Records from a data collection:
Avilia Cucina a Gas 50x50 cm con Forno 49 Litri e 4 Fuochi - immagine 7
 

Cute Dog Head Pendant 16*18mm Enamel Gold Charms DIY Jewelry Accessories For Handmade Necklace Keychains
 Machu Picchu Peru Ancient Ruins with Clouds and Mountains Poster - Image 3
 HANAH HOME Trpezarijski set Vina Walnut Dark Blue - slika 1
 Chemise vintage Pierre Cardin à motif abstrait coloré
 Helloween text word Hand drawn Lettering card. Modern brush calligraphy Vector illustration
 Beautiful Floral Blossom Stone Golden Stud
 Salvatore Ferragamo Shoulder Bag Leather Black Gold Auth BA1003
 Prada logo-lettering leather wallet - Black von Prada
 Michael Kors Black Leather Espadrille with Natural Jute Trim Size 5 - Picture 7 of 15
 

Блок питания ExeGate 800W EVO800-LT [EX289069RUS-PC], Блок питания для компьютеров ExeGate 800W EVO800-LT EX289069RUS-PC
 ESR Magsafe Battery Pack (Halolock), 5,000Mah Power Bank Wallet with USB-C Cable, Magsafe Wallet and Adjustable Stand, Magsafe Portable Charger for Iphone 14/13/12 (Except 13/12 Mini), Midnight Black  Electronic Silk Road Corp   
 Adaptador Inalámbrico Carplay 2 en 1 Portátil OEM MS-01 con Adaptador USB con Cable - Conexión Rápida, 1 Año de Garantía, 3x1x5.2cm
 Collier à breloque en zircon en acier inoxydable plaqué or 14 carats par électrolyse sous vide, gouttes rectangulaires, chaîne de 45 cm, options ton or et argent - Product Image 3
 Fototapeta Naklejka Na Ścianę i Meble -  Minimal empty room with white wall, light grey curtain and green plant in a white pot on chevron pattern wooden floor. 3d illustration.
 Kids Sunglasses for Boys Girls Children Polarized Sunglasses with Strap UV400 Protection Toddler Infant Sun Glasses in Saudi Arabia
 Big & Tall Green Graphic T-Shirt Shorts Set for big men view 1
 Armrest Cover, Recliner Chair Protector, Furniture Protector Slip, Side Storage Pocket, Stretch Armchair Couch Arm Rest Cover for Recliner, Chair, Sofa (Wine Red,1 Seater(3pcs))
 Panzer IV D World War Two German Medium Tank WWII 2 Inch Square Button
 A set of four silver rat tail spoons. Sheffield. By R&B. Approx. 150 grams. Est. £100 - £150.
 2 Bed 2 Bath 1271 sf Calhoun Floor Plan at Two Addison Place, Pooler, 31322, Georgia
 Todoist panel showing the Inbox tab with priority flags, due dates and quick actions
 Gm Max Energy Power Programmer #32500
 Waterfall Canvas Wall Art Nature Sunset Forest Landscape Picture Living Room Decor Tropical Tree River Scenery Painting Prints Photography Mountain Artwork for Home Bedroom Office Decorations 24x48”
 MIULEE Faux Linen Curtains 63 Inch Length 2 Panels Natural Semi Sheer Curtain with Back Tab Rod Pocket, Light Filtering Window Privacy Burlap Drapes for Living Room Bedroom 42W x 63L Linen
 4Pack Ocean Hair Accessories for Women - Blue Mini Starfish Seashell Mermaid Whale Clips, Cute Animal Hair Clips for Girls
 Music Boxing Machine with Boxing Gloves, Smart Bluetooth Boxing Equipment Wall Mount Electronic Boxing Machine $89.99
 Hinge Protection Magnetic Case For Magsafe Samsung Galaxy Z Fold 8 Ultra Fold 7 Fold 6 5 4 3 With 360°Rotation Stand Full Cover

# What you are asked to do:
A word-for-word copy of the lines above from the one with "Panzer IV D" through the one with "Waterfall Canvas Wall", inclusive, is the only output wanted.

# Response area:
 Panzer IV D World War Two German Medium Tank WWII 2 Inch Square Button
 A set of four silver rat tail spoons. Sheffield. By R&B. Approx. 150 grams. Est. £100 - £150.
 2 Bed 2 Bath 1271 sf Calhoun Floor Plan at Two Addison Place, Pooler, 31322, Georgia
 Todoist panel showing the Inbox tab with priority flags, due dates and quick actions
 Gm Max Energy Power Programmer #32500
 Waterfall Canvas Wall Art Nature Sunset Forest Landscape Picture Living Room Decor Tropical Tree River Scenery Painting Prints Photography Mountain Artwork for Home Bedroom Office Decorations 24x48”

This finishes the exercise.